Report shows used Class 8 volumes grew, prices fell month over month

COLUMBUS, Ind. — Preliminary used Class 8 volumes (same dealer sales) increased 21% month over month in February, according to the latest release of the State of the Industry: U.S. Classes 3-8 Used Trucks published by ACT Research. Longer-term, volumes also rose by double digits, up 24% year over year and 12% year to date. Other data released in ACT’s preliminary report included month-over-month comparisons for February 2020, which showed that average prices, miles and age of used Class 8 trucks all dropped, down 3%, 2% and 4%, respectively. ACT’s Classes 3-8 Used Truck Report provides data on used trucks’ average selling price, miles and age based on a sample of industry data.
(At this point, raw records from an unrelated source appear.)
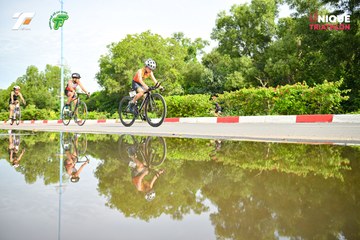 Ảnh sự kiện VIET NAM TRI FACTOR CHAMPIONSHIP x HO CHI MINH CITY CHAMPIONSHIP NĂM 2025 - e48854bcaa6a59531a75342cfc99d73a.jpg
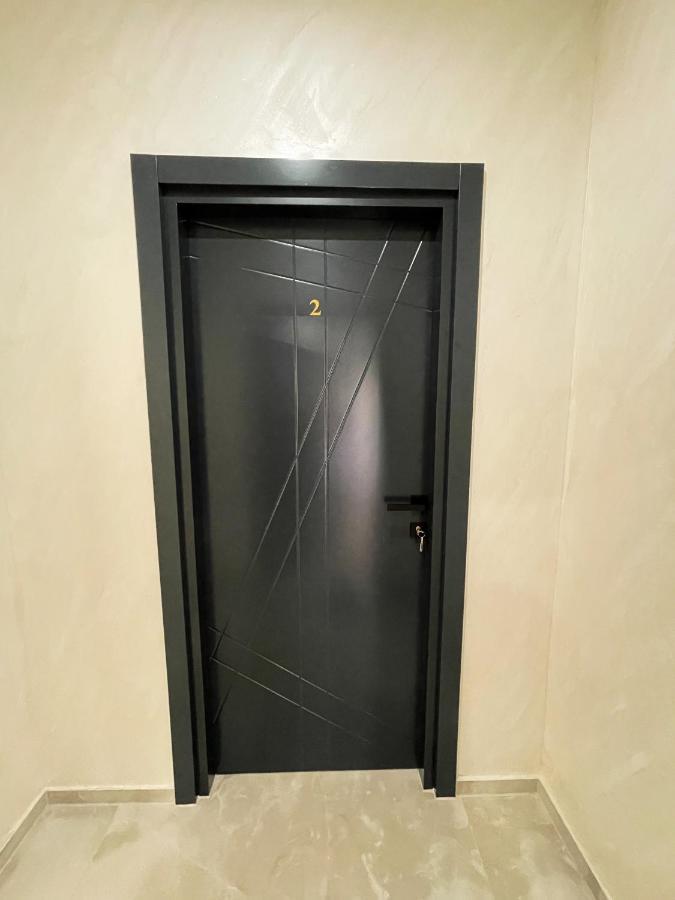Apartmani Mila Laktasi Luaran gambar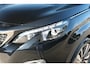 Peugeot 3008 1.2 PureTech Allure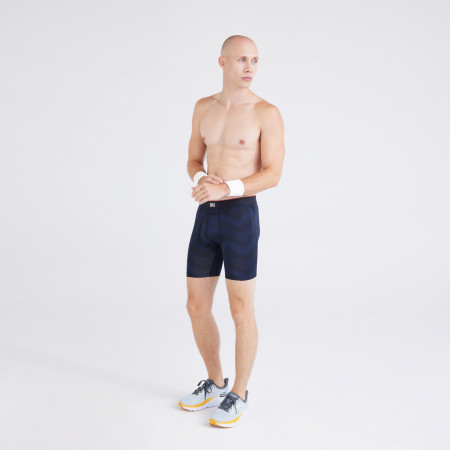 Боксерки Saxx Multi-Sport Mesh Boxer Brief Fly 2Pk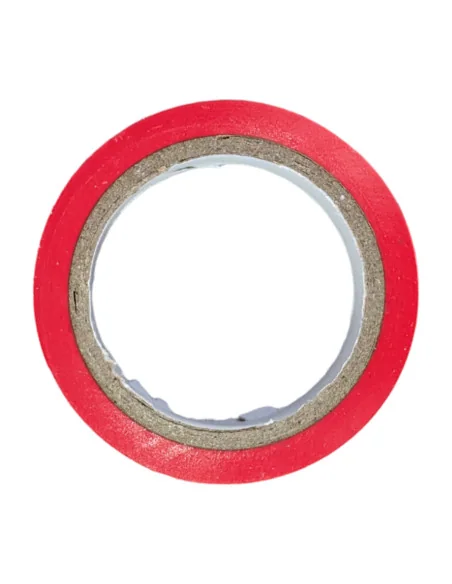 Maletín de Herramientas 1000V Electricista | 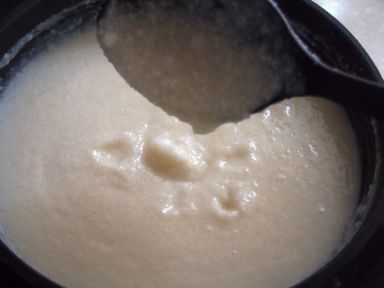 ������ˮʳ�� - ���ʺ�������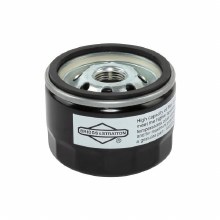 Additional picture of FILTER ,  OIL BLACK BRIGGS & STRATTON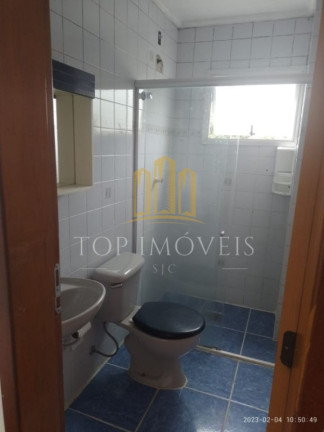 Foto do imóvel Apartamento com 2 Quartos à Venda, 67 m² em Urbanova - São José Dos Campos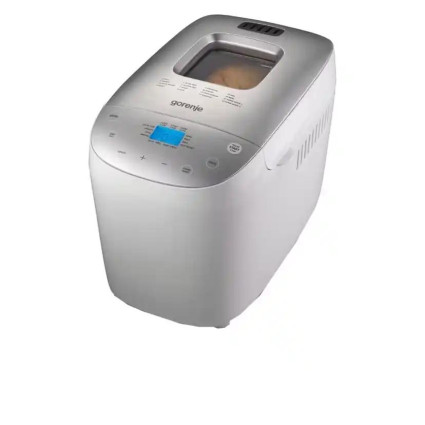 Mini pekara Gorenje BM1600 WG  - 1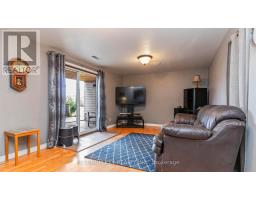 41 QUEEN STREET - 14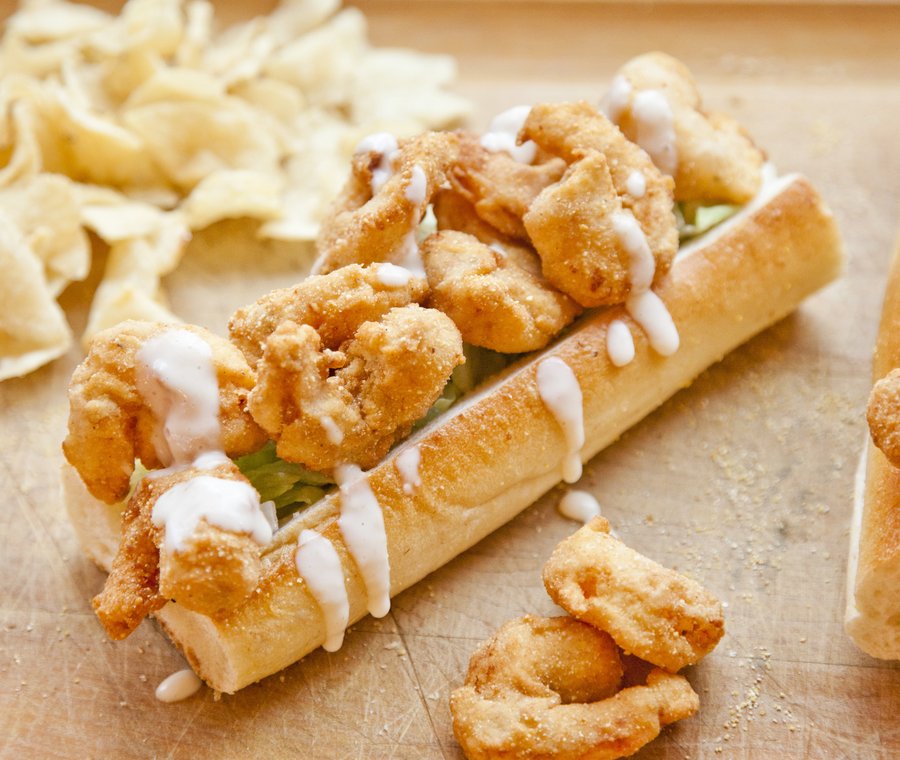 shrimp po boys_6.JPG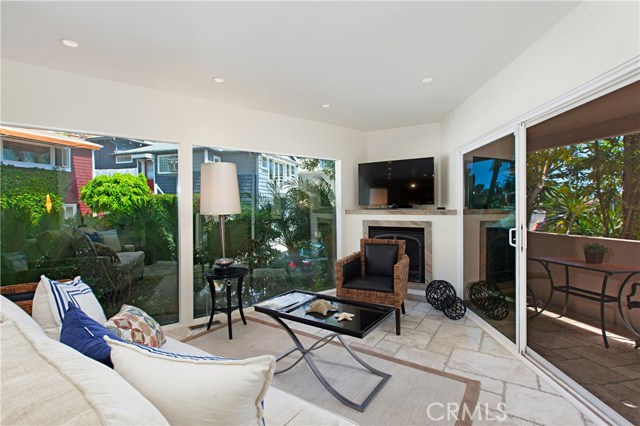 222 Nyes Pl #Lower, Laguna Beach, CA 92651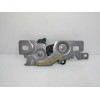 Recambio de cerradura capot para peugeot partner furgoneta/monovolumen (k9) 1.6 bluehdi 100 referencia OEM IAM   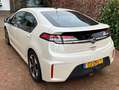 Opel Ampera plug in hybrid Wit - thumbnail 3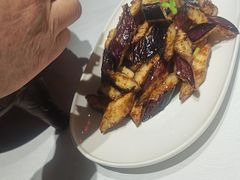 -一品江南韵·淮扬菜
In addition, the report provides the average selling price for top-selling Class 8 models for each of the major truck OEMs — Freightliner (Daimler) Kenworth and Peterbilt (Paccar); International (Navistar); and Volvo and Mack (Volvo). This report is used by those throughout the industry, including commercial vehicle dealers to gain a better understanding of the used-truck market, especially as it relates to changes in near-term performance. According to Steve Tam, vice president at ACT Research, “Although same dealer sales rose 21% from January, it is important to keep in mind that most of February’s activity was likely unaffected by COVID-19. Seasonality accounts for about half of the sequential increase, and the catalyst for the remainder of the gain is elusive, but may be the result of the continued drop in prices.” Commenting on the impact of COVID-19 to this market, Tam noted, “The recent cancelation of events, ranging from public school and university classes to college and professional sporting events to industry trade shows, is expected to have a chilling effect on the economy and by extension, the truck industry. Besides washing your hands, the best advice is to closely monitor this incredibly fluid situation.”